Pengusaha Punya Segalanya
Badan riset kanker dunia (IARC) dengan tegas mengatakan bahwa semua jenis asbes berpotensi karsinogenik. Tidak ada batasan yang dirasa aman untuk menyatakan sebaliknya. Organisasi pekerja sedunia (ILO), Badan Kesehatan Dunia (WHO) dan 67 negara yang telah melarang asbestos bersepakat bahwa apapun jenis asbestos akan memberi dampak kesehatan yang merugikan.
Namun demikian, masih ada saja negara-negara dibawah koordinasi International Chrysotile Association – ICA (asosiasi krisotil internasional) yang terus berupaya menutupi fakta terus bertambahnya korban penyakit akibat asbes. Kelompok ini bekerja di badan-badan dunia melalui konvensi Rotterdam untuk mempengaruhi usulan memasukan chrysotile kedalam daftar material yang mengharuskan prior information consent (informasi yang jujur dan pertanggungjawaban).
Di Indonesia pelobi-pelobi ICA bekerja bersama asosiasi importir dan pengusaha asbes mempengaruhi kewajiban negara melindungi rakyat dari penyakit akibat asbes. Dana yang dikeluarkan kelompok ini tidak dapat dibilang kecil. Kelompok ilmuwan, media, bahkan hingga pemerintah dilobi dengan paparan informasi sepihak yang menguntungkan mereka. Jelang pertemuan konvensi Bassel, Rotterdam, Stockholm Mei 2023 nanti, kerja-kerja lobi telah diaktifkan menyasar banyak pihak. Tujuannya tidak lain adalah terus menjauhkan krisotil dari daftar PIC, agar impor dan pengolahan tetap bisa dilakukan demi peroleh keuntungan.
“Saya berharap tidak ada lagi korban akibat asbes. Kami mengharapkan penanganan yang layak dari pihak-pihak yang terkait bagi penderita penyakit akibat asbes” pesan Siti Kristina dihadapan delegasi konvensi Rotterdam di Jenewa tahun 2018. Pesan yang sama diperdengarkan oleh Subono, dan Sriyono di tahun berikutnya.
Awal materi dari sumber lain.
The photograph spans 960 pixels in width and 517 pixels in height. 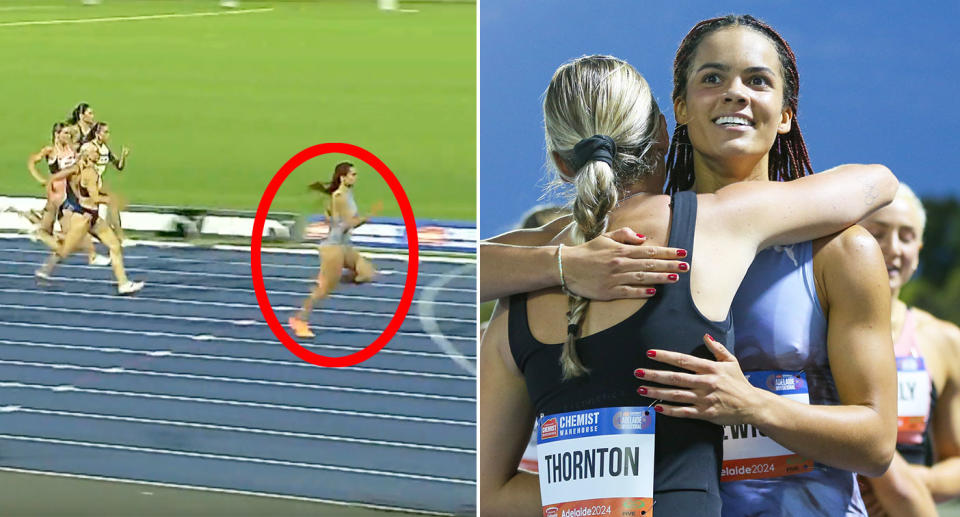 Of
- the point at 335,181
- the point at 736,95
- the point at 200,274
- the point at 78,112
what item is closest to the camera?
the point at 736,95

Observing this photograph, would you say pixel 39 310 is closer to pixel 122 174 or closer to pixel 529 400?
pixel 122 174

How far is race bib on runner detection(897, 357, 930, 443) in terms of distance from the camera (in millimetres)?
2207

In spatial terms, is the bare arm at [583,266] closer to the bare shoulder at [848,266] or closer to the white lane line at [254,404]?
the bare shoulder at [848,266]

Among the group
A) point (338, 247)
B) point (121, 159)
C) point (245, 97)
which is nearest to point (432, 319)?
point (338, 247)

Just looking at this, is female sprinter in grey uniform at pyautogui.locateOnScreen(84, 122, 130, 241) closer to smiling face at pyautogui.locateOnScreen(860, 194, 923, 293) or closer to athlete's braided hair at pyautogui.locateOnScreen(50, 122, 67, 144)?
athlete's braided hair at pyautogui.locateOnScreen(50, 122, 67, 144)

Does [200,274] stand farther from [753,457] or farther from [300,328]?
[753,457]

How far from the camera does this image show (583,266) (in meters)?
1.88

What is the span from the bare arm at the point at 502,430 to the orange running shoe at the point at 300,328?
5.86 feet

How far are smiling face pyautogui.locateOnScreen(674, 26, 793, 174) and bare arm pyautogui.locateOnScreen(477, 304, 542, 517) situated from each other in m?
A: 0.47

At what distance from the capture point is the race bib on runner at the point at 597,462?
6.02 feet

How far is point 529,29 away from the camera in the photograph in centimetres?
221

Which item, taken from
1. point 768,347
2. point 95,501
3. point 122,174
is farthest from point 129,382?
point 768,347

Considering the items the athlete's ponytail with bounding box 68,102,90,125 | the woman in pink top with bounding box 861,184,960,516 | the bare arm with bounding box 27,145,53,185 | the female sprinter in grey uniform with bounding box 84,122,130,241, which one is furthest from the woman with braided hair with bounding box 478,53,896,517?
the bare arm with bounding box 27,145,53,185

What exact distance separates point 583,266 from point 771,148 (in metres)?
0.42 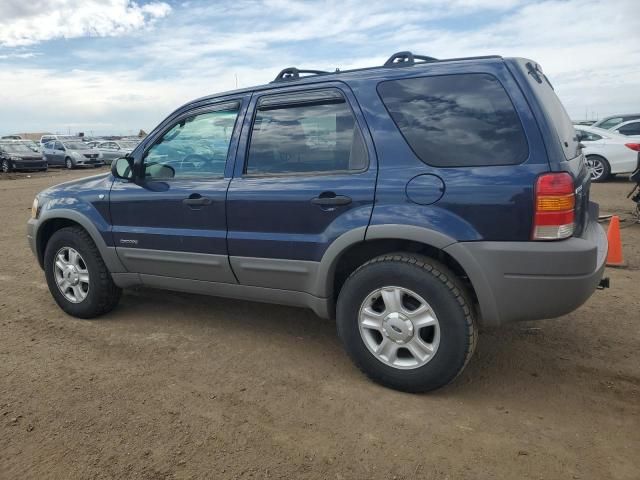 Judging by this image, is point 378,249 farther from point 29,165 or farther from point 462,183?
point 29,165

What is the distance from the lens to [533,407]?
2.95m

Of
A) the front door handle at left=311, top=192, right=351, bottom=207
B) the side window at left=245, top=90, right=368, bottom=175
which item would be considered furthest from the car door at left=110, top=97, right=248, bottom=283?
the front door handle at left=311, top=192, right=351, bottom=207

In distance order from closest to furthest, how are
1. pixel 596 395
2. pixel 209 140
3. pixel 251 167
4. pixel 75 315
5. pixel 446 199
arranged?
pixel 446 199 < pixel 596 395 < pixel 251 167 < pixel 209 140 < pixel 75 315

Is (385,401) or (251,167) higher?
(251,167)

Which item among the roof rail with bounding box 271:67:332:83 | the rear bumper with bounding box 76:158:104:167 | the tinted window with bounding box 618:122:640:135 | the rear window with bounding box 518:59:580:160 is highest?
the roof rail with bounding box 271:67:332:83

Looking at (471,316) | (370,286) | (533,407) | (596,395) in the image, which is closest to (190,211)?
(370,286)

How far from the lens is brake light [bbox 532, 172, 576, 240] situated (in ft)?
8.70

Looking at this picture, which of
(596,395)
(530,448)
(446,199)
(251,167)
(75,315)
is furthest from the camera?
(75,315)

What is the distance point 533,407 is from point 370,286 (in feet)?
3.76

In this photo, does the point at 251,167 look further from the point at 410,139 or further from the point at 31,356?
the point at 31,356

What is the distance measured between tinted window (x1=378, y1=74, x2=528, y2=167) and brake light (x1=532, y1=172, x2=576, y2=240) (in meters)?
0.19

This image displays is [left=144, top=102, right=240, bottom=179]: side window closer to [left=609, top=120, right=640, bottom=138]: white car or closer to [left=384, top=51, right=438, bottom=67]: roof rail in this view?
[left=384, top=51, right=438, bottom=67]: roof rail

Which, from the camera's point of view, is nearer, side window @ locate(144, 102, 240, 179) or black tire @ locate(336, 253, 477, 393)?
black tire @ locate(336, 253, 477, 393)

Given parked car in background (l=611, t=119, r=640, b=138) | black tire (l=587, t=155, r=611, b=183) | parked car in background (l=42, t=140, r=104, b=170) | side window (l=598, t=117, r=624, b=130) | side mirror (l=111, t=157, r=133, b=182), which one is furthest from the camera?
parked car in background (l=42, t=140, r=104, b=170) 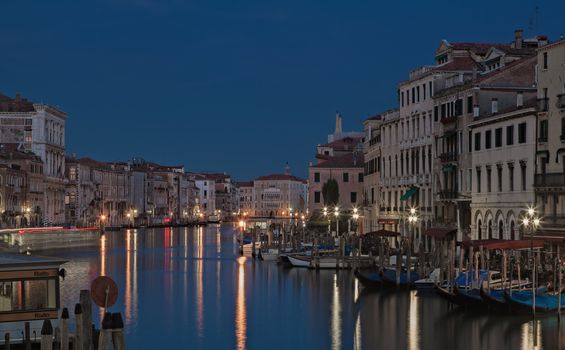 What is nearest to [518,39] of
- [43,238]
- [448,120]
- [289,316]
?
[448,120]

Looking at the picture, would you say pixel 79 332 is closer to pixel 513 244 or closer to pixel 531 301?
pixel 531 301

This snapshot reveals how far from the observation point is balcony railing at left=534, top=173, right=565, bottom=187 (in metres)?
29.7

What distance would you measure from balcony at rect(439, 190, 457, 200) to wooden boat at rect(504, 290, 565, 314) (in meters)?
13.8

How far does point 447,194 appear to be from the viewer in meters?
38.3

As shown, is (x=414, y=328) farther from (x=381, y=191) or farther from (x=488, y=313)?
(x=381, y=191)

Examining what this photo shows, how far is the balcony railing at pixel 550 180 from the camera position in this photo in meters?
29.7

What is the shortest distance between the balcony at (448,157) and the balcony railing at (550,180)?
719cm

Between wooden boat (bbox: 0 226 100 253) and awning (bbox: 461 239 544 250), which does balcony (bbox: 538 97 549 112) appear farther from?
wooden boat (bbox: 0 226 100 253)

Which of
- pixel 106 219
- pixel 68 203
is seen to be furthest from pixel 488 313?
pixel 106 219

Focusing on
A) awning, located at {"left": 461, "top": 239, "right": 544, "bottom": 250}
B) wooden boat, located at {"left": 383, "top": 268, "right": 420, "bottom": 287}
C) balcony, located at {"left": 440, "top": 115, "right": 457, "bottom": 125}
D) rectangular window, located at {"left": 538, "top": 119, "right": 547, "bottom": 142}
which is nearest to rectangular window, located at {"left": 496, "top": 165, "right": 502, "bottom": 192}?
rectangular window, located at {"left": 538, "top": 119, "right": 547, "bottom": 142}

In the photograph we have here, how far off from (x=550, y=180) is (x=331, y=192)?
95.0ft

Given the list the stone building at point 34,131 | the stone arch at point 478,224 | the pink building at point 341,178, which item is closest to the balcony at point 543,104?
the stone arch at point 478,224

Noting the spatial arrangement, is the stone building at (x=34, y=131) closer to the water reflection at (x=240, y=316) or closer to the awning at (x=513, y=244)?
the water reflection at (x=240, y=316)

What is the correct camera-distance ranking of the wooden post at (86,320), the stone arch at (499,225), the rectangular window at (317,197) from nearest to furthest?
the wooden post at (86,320), the stone arch at (499,225), the rectangular window at (317,197) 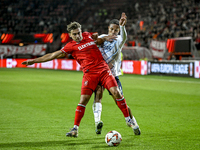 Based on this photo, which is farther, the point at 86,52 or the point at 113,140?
the point at 86,52

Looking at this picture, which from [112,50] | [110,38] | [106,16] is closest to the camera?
[110,38]

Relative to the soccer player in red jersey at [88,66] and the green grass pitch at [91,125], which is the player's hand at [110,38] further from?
the green grass pitch at [91,125]

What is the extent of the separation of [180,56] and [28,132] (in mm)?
20386

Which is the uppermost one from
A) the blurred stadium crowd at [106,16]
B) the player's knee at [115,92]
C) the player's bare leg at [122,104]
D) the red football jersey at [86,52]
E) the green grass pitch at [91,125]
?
the blurred stadium crowd at [106,16]

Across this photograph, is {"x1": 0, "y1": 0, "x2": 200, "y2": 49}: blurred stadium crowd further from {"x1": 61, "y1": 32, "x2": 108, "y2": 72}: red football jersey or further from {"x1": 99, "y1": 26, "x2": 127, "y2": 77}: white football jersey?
{"x1": 61, "y1": 32, "x2": 108, "y2": 72}: red football jersey

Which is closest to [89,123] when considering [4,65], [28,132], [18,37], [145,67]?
[28,132]

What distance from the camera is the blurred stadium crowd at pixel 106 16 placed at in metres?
27.4

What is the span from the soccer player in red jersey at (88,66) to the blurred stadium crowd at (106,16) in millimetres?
20488

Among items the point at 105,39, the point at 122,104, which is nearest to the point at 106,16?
the point at 105,39

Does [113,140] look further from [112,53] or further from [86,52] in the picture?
[112,53]

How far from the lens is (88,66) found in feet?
17.4

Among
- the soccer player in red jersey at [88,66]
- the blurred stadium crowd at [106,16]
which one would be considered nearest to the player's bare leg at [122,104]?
the soccer player in red jersey at [88,66]

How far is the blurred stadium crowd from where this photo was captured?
90.0ft

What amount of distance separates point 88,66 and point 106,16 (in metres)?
34.1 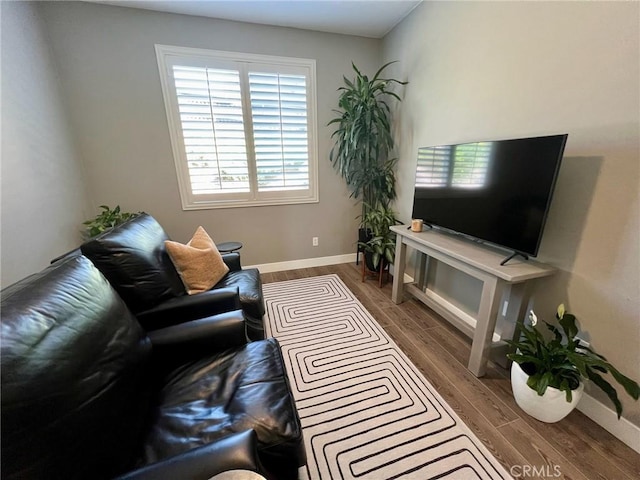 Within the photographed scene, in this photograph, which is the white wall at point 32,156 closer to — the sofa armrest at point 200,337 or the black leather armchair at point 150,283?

Harapan korban makin sederhana, informasi yang benar dan jujur tentang bahaya asbes bagi masyarakat. Tapi bahkan pesan harapan yang sederhana ini harus berhadapan dengan besarnya kekuatan pengusaha.
Korban hanya punya kamu, sebagai kekuatan untuk menghidupkan harapan, agar taka da lagi yang ditinggalkan dan terlupakan.